In this Orwellian entry, Springfield follows London’s lead on pervasive CCTV. Things get even better when Bart realizes the Simpsons’ backyard is the camera network’s lone blind spot.

Season 22, Episode 19: “The Real Housewives of Fat Tony”

Reality shows, principally Jersey Shore, may seem like low-hanging fruit, but Joe Mantegna-voiced mobster Fat Tony is an invaluable and often surprising recurrent character.

Season 23, Episode 6: “The Book Job”

2014 has been a great year for arguing about the role and relative value of YA literature, which makes this heist episode about ghostwriters and franchise entertainment required viewing.

Season 24, Episode 4: “Gone Abie Gone”

As the The Simpsons progressed, continuity was tweaked and the past rewritten, though rarely as well as in this mystery about Grandpa’s life (and marriage) as a hep cat in the 1960s jazz scene.   

Season 25, Episode 9: “Steal This Episode”

With a script so bracing that even long-lost fans were impressed, this misadventure has Homer running afoul of the FBI when he starts screening illegally downloaded films for his friends.

FBI's priorities

Season 26, Episode 15: “The Princess Guide”

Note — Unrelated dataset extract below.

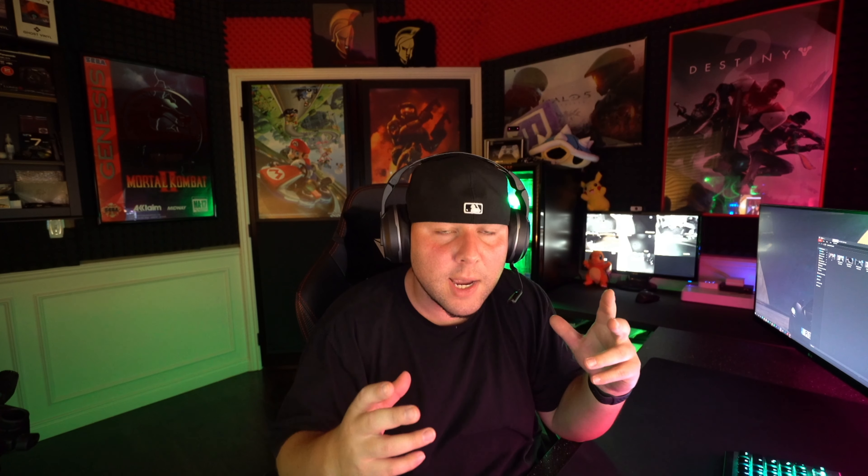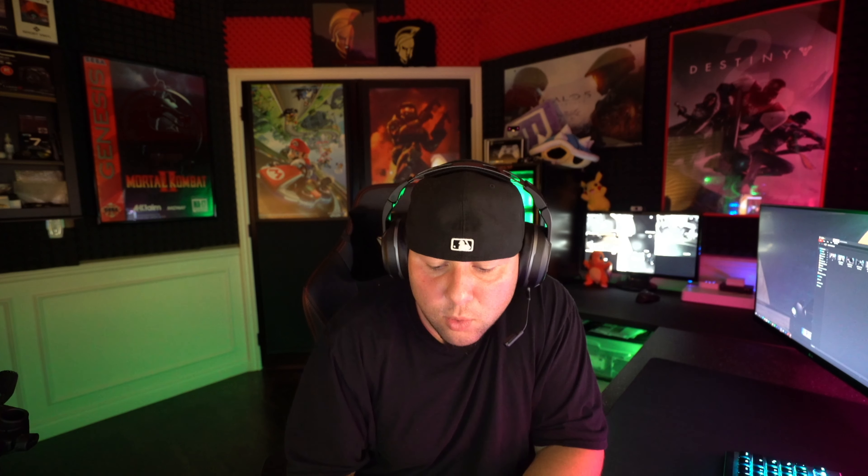The microphone on this headset is detachable, so if you want to talk to friends on Discord or in party chat using your studio microphone, you can just take the headset mic off. We're currently up here in the game room — a soundproof room — and I'm talking to you on the Rode NT1 studio microphone. Let's go ahead and switch over to the Turtle Beach Elite Atlas Aero to see what the microphone quality sounds like on that headset.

In a season with high-wire gimmicks that range from the decent (a Futurama crossover) to the cringeworthy (an entire plot centered on aliens Kang and Kodos, more typically used as throwaway jokes), it’s nice to fall back on a consistently great character like Moe as he takes on the unlikely task of showing a visiting African princess around Springfield.

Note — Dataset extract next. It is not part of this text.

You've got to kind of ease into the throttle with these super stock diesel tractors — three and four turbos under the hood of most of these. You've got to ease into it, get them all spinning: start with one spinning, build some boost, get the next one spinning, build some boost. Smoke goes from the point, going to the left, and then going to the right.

Season 27, Episode 4: “Halloween of Horror”

It was amazing to see The Simpsons, whose anthology “Treehouse of Horror” stories are always a goofy delight, change gears and tackle Lisa’s fears in a funny, grounded way that dispenses with cheap cutaways and builds genuine scares from a home invasion. Homer’s fragile relationship with his daughter has always been a highlight of the show, and here you can see just why.  

So there you have it—an essential episode for each season The Simpsons has been on the air. We’re still waiting on the full schedule for the new marathon, though like much of the television it’s successfully lampooned over the years, the show is best enjoyed when drifting in and out of a couch nap and nursing a cheap domestic beer. It’s the Homerican way!

Editor’s note: This article is regularly updated for relevance.